Lo studio, intitolato “Artificial fingerprints engraved through block-copolymers as nanoscale physical unclonable functions for authentication and identification”, dimostra infatti la possibilità di incidere impronte digitali alla nanoscala grazie alle nanotecnologie. Queste impronte, la cui morfologia può essere codificata in matrici binarie simili ai QR-Code, sono non clonabili e utilizzabili come identificativi univoci su una vasta gamma di materiali e prodotti.

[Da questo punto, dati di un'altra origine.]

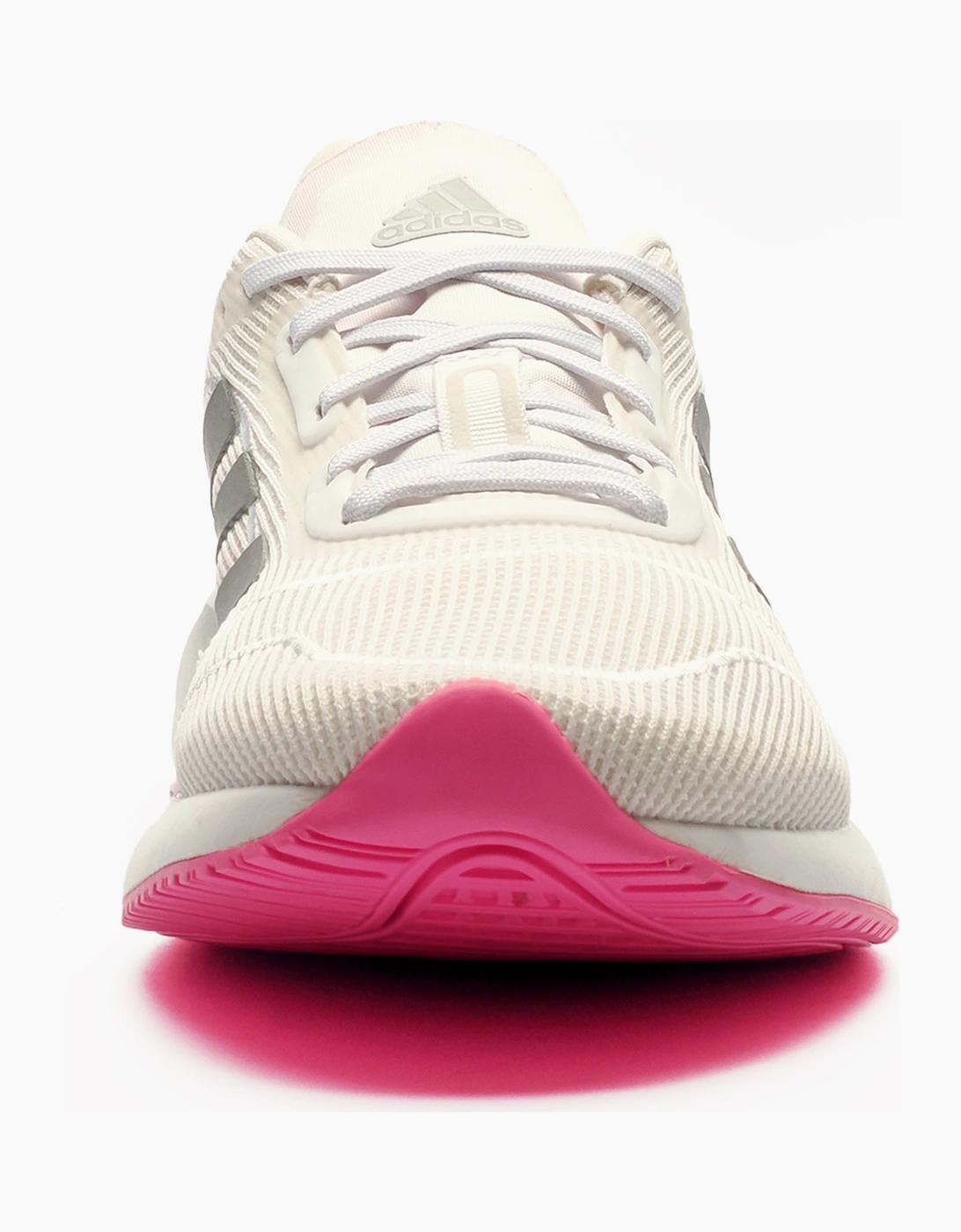 Adidas Galaxar Run Womens Running Shoes White / Pink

Ispirandosi al processo naturale di formazione delle impronte digitali umane, il team ha utilizzato l'auto assemblaggio di materiali polimerici per generare impronte digitali artificiali alla nanoscala. L’unicità di queste impronte è garantita dalla casualità intrinseca del processo, rendendole estremamente difficili da replicare.
«Abbiamo dimostrato che queste impronte digitali artificiali sono non solo altamente stabili nel tempo, ma anche resistenti a temperature estreme – spiegano Chiara Magosso e Irdi Murataj, rispettivamente dottoranda del Politecnico di Torino e ricercatore dell’INRiM – offrendo così un ampio spettro di possibili applicazioni».
«Grazie anche allo sviluppo di algoritmi di riconoscimento delle immagini – aggiungono Gianluca Milano e Federico Ferrarese Lupi, ricercatori dell’INRiM – queste tecnologie possono inaugurare una nuova era per l’anticontraffazione, sfruttando l’intrinseca stocasticità dell’auto assemblaggio nanoscopico dei materiali».